[What the task asks] Reproduce, unchanged, the lines between the one holding "New 2026 Lincoln" and the last line of the records, including both ends, but no pictures.

[Records to use]
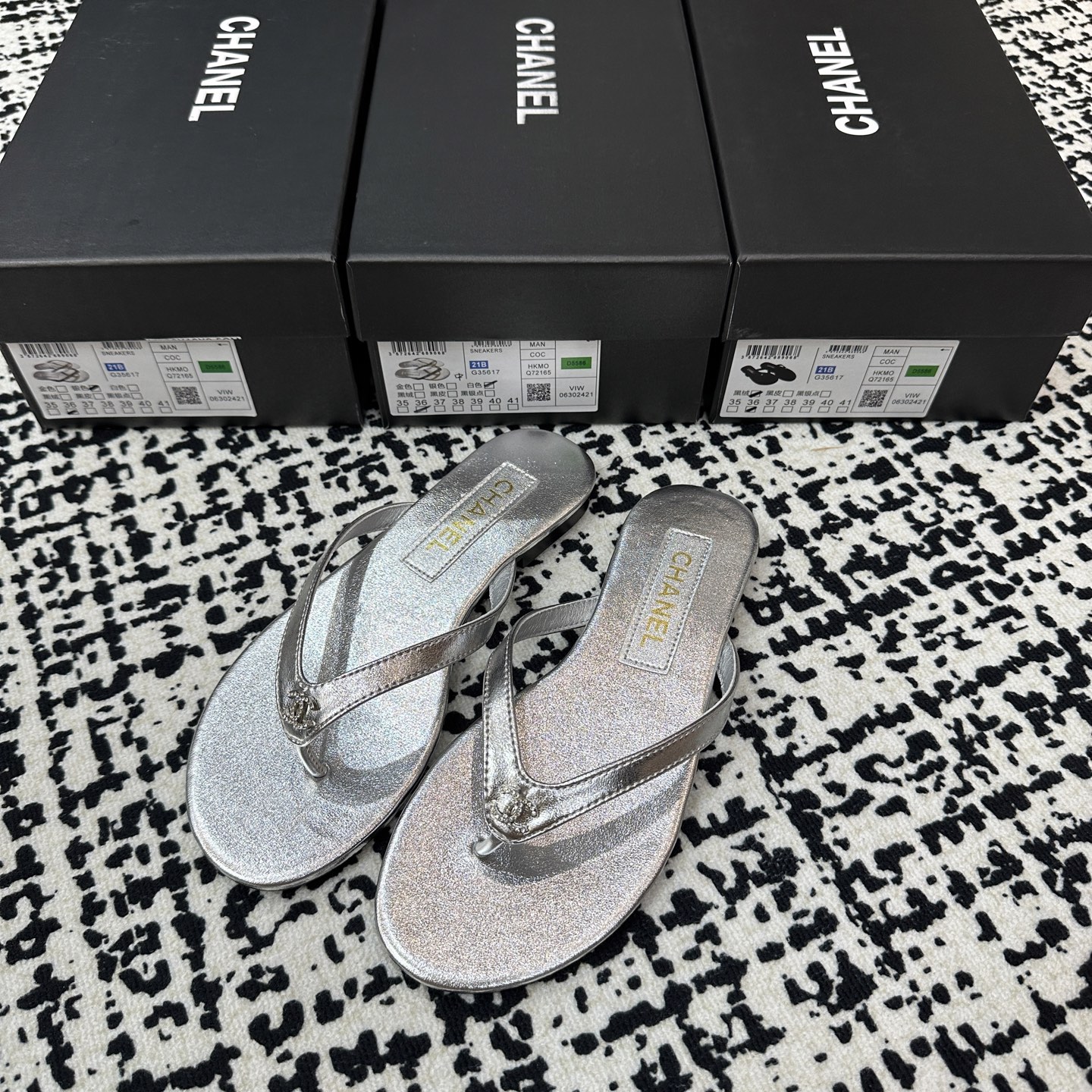 Chanel Logo Flip-Flops - Black & Silver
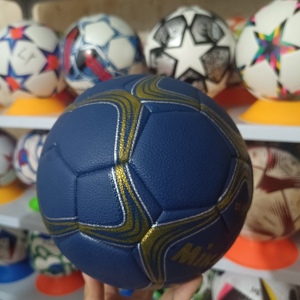 Ballon de handball professionnel en cuir PU de haute qualité, personnalisé, fabriqué en usine, très vendu, pour l'entraînement des adultes/enfants - Product Image 2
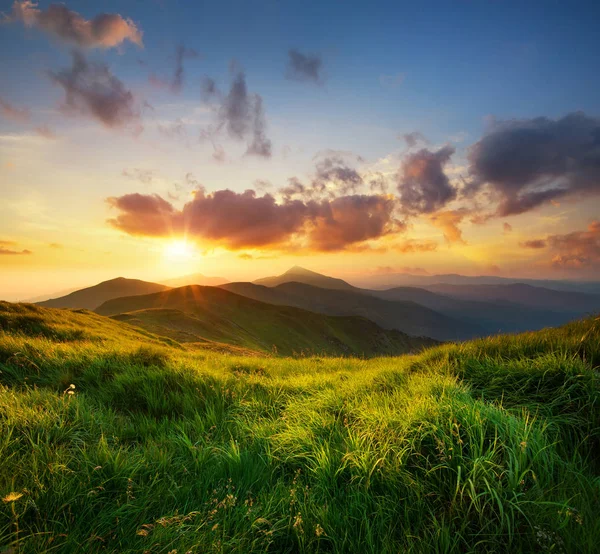 Berget dalen under sunrise — Stockfoto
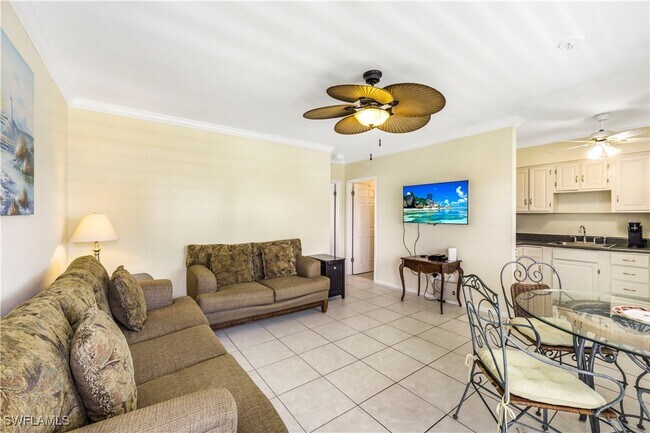 Foto del edificio - 190 N Collier Blvd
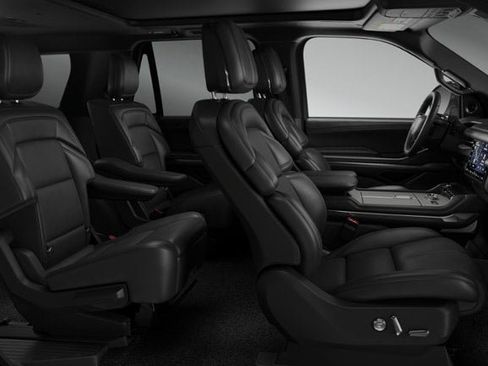 New 2026 Lincoln Navigator Reserve w/ Jet Appearance Package AWD/4WD image 28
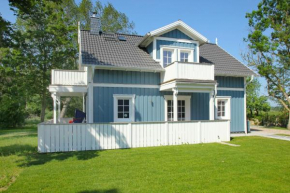 Ferienhaus Freya Haus Terrasse, Meerblick in Wiek Auf Rügen 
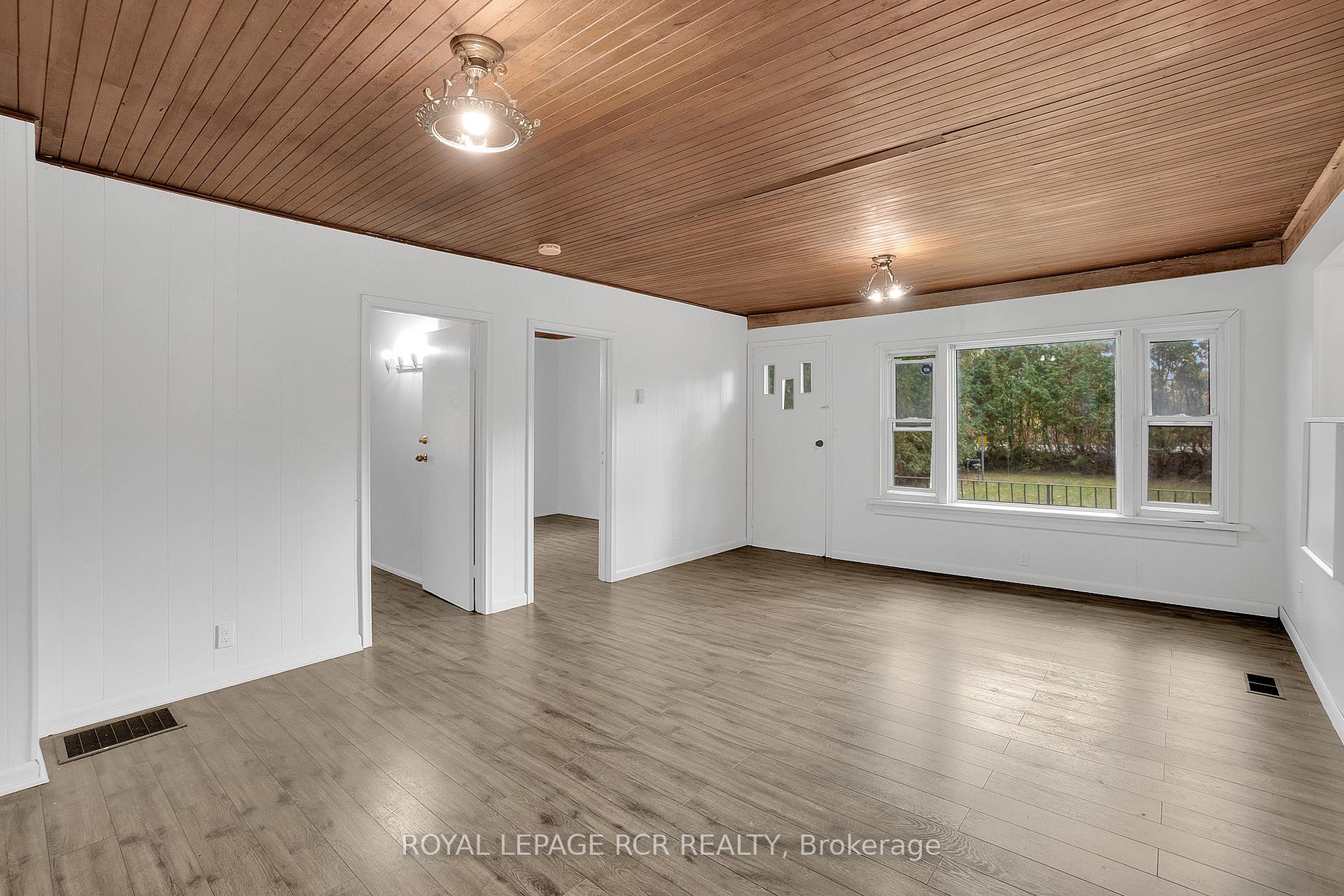 Photo 5 of 612 Victoria Street E, New Tecumseth, Alliston — HOMEH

[Task result]
 New 2026 Lincoln Navigator Reserve w/ Jet Appearance Package AWD/4WD image 28
 Ferienhaus Freya Haus Terrasse, Meerblick in Wiek Auf Rügen 
 Photo 5 of 612 Victoria Street E, New Tecumseth, Alliston — HOMEH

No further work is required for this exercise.